On the other hand, "Chef" is a labor of love which, to my mind, automatically makes it more profound than it would otherwise have been. We're getting a glimpse into Jon Favreau himself, and it's evident the man is a burly, kind-hearted teddy bear. He might have the chops to direct a big-time action movie like "Iron Man," but he's also an appreciator of the simple things in life, like food and family. And that's reassuring: it's heartening to know that Hollywood, evil and infernal though it be, has a few good souls working in it.

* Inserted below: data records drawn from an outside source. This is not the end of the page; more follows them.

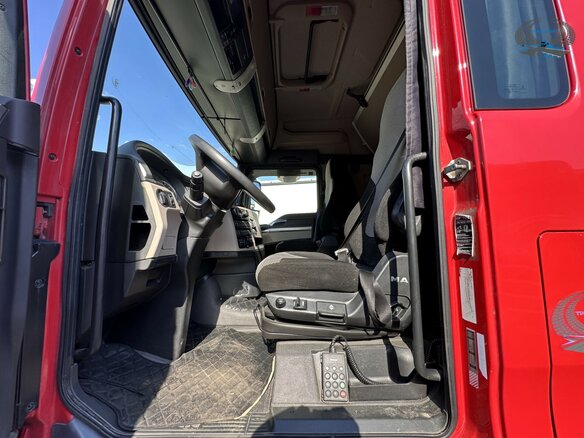 2020 MAN TGX, красный, 8500000 рублей - вид 17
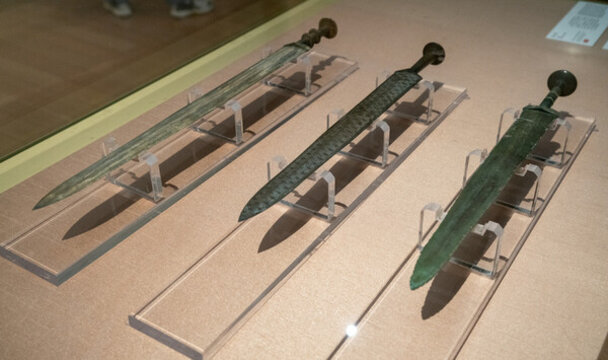 春秋戰(zhàn)國(guó)青銅劍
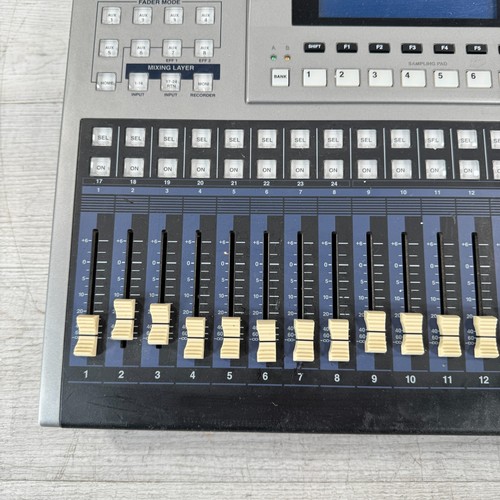 Yamaha AW4416 Professional Audio Workstation - Disc Drive Untested - Picture 5 of 18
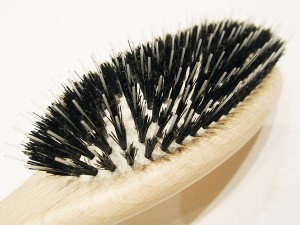 Якщо необхідно часто випрямляти волосся, то в цьому допоможе гребінець зі змішаним типом щетини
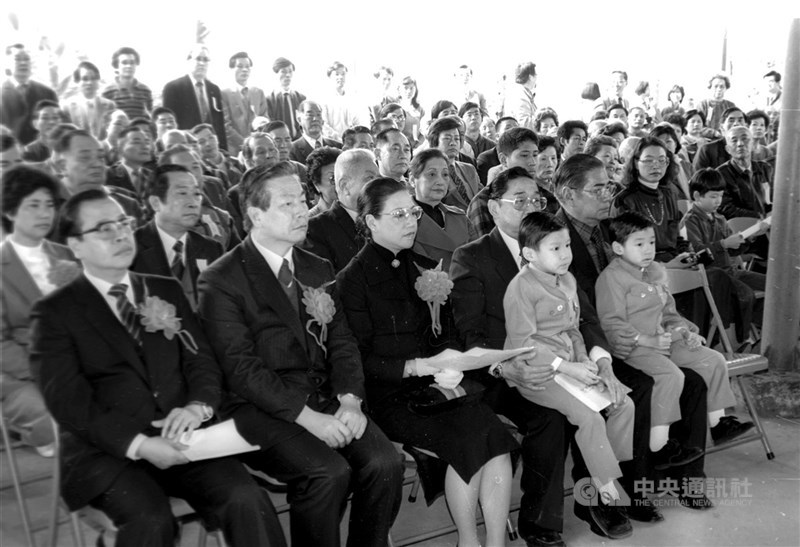 Peringatan ulang tahun ke-100 Lo Fu-hsing pada 1985 di Dahu, Miaoli, dihadiri banyak orang dari berbagai kalangan, termasuk cucu Sun Yat-sen, Sun Tse-keong, dan istrinya. (Sumber Foto : Dokumentasi CNA)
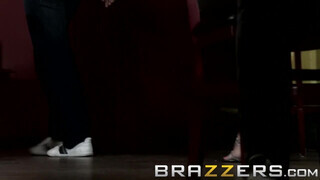 Brazzers - Keiran Lee egyszerre basz meg kettő sunát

I'll leave you with this thought: "Chef" has widely been called "food porn" for its luscious scenes of cooking (I actually wish the movie had shown more cooking; Favreau, who had Kogi meister Roy Choi on board as a co-producer and food guru, was sent by Choi to culinary school to prep for his role), and it contains some jokes that, perhaps, only foodies will appreciate. For my money, one of the funniest of these jokes comes about ten minutes into the film. Carl has just had an argument with Riva about the menu that Carl is to cook that evening. Riva, who owns the restaurant, naturally wins the argument, telling Carl, "I think you should play your hits." Carl relents, and what follows is the speech he gives to the restaurant staff regarding the game plan for that night:
All right, let's go—pre-shift, guys! Big night tonight. Here's what we're doin'. We're gonna go with the favorites: starting with the caviar egg, scallop, French onion soup, frisée salad, lobster risotto, filet... and we're gonna finish strong with a crowd-pleaser: chocolate lava cake. Talk to Molly about wine pairings; lemme know when he [the food critic] gets here. Let's have fun. Put your heart in it, people. Let's have some fun. Good. Good.
I was rolling. While I don't consider myself a full-on foodie, I've watched enough Food Network to know a bit about what's in, what's out, what's cliché, what's passé—and Carl's litany of that night's food was a roll call of moribund cuisine. Chocolate lava cake? Seriously? You don't need to eat that at an upscale Brentwood restaurant when you can order lava cake at your local Chili's! And French onion soup? You can't get more typical than that at a Gallic-themed restaurant. Lobster risotto sounds perfectly safe and timid, as does filet mignon. So yeah: as I heard Carl recite the night's menu, I busted a gut. Later on, when critic Ramsey Michel sits down to dinner and takes a look at the French onion soup in front of him, Oliver Platt's facial expression is absolutely priceless.
See "Chef." It's not the deepest film in the world, but if you love looking at good food and you don't mind watching a predictably familiar, heart-warming story about a man once again following his passion, you'll have fun. Trust me.